Updated: Dec 13, 2020
No truly free democracy has ever existed without competing factions within it. Because of this, political parties are a fact of life for the average American. But where did the political parties we have today come from? To answer this question, we must first go to our nation's founding.
Once our nation had secured its independence, the population more or less split into two political parties. The Federalists, and the Democratic-Republicans. While these political parties were different from the ones we have today, due to different issues being more prominent in the late 18th century than the ones we have in the early 21st century, to put it broadly, the Federalists were more right-leaning authoritarians, while the Democratic-Republicans were more left-leaning libertarians. I explain this terminology more in-depth here.
There was only ever one Federalist president. The Federalists were always in the minority, and after John Adam's unpopular administration, the party more or less collapsed, leaving the Democratic-Republicans with nearly no competition for the better part of thirty years.

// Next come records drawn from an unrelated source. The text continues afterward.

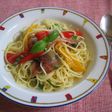 カラーピーマンと生ハムの冷製パスタ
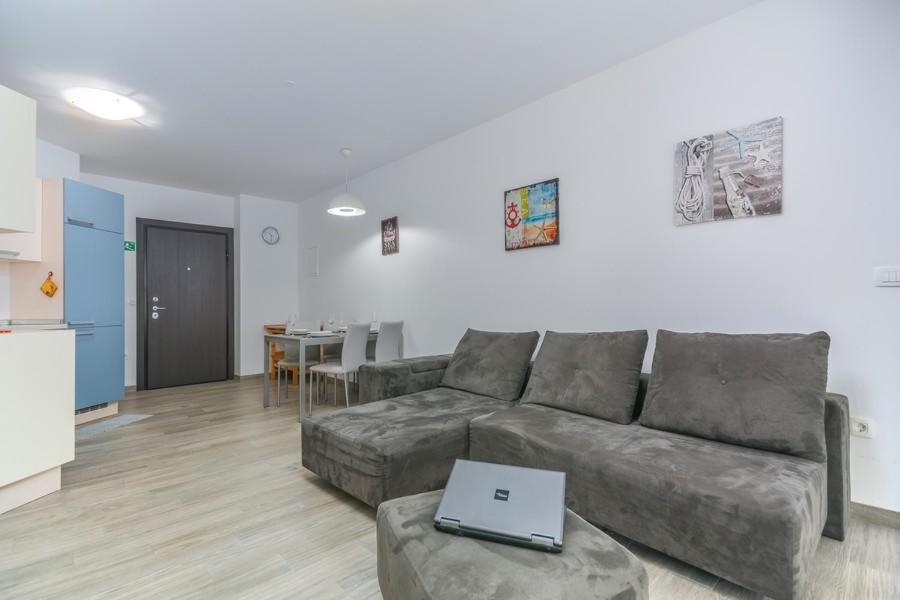Hôtel Lux à Novigrad Istria Extérieur photo
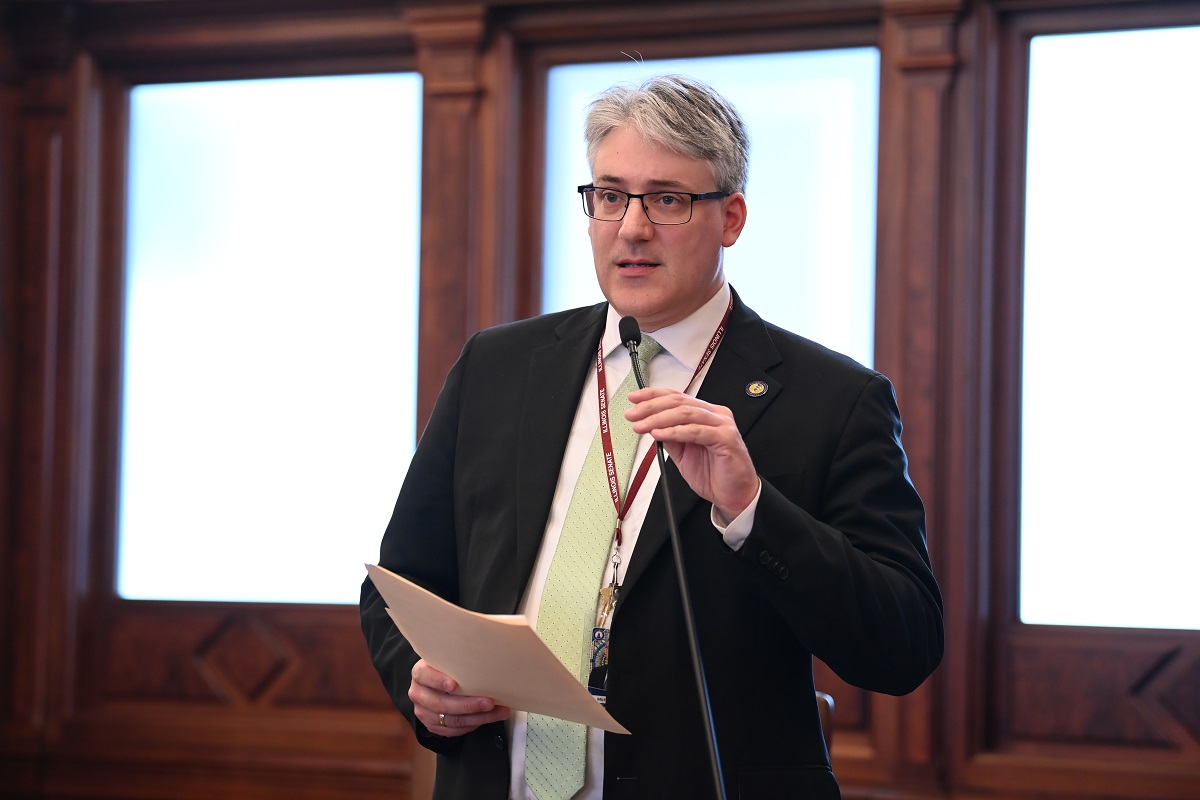 Senator Halpin addresses the Senate.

However, as is the case all throughout history, in the event of a total victory for one faction, the victor always becomes divided among itself in the absence of a common enemy. The Democratic-Republican party split into two. One side retained the Democratic-Republican title, though they would officially become simply "Democrats" in 1844, while the other party began calling themselves the "Whigs".
The Whig party took on most of Federalist economic views, though they were slightly more libertarian, as the Democratic-Republican party had shifted more authoritarian as their power had grown. Similar to their Federalist predecessors, however, they were not long for this world. The Whig party was more of a coalition against the newly dubbed Democrats than it was a coalition for any kind of cause. The creation of the Republican party in 1854 led to the end of the Whig party.
The Republican party was founded in 1854 by several anti-slavery Whigs. Their primary goal of the time was to create a coalition of people who were against the evils of slavery. In the following election, Republicans gained a majority in the House of Representatives due to their firm anti-slavery policies. They eventually won their first presidency with Abraham Lincoln in 1860.
Since the Civil War, Democrats and Republicans have maintained very similar platforms when it comes to policy. Having fulfilled their goal of abolishing slavery, Republicans became the dominant party of the right. They were libertarian by nature and believed that big government endangered civil liberties.
Democrats had been and would remain the dominant party of the left. They were
more authoritarian by nature and believed that big government was not a danger to civil liberties, but an opportunity to help better the lives of its citizens.
These issues have remained prominent all the way up until today, and likely will remain prominent for years to come. Political polarization is common when a system has only two political parties. It was before, and it is today a very deeply rooted and disturbing issue. But remember, no matter your personal beliefs or positions on economic policy, we are all Americans, and we all believe we are fighting to better our country in our own way.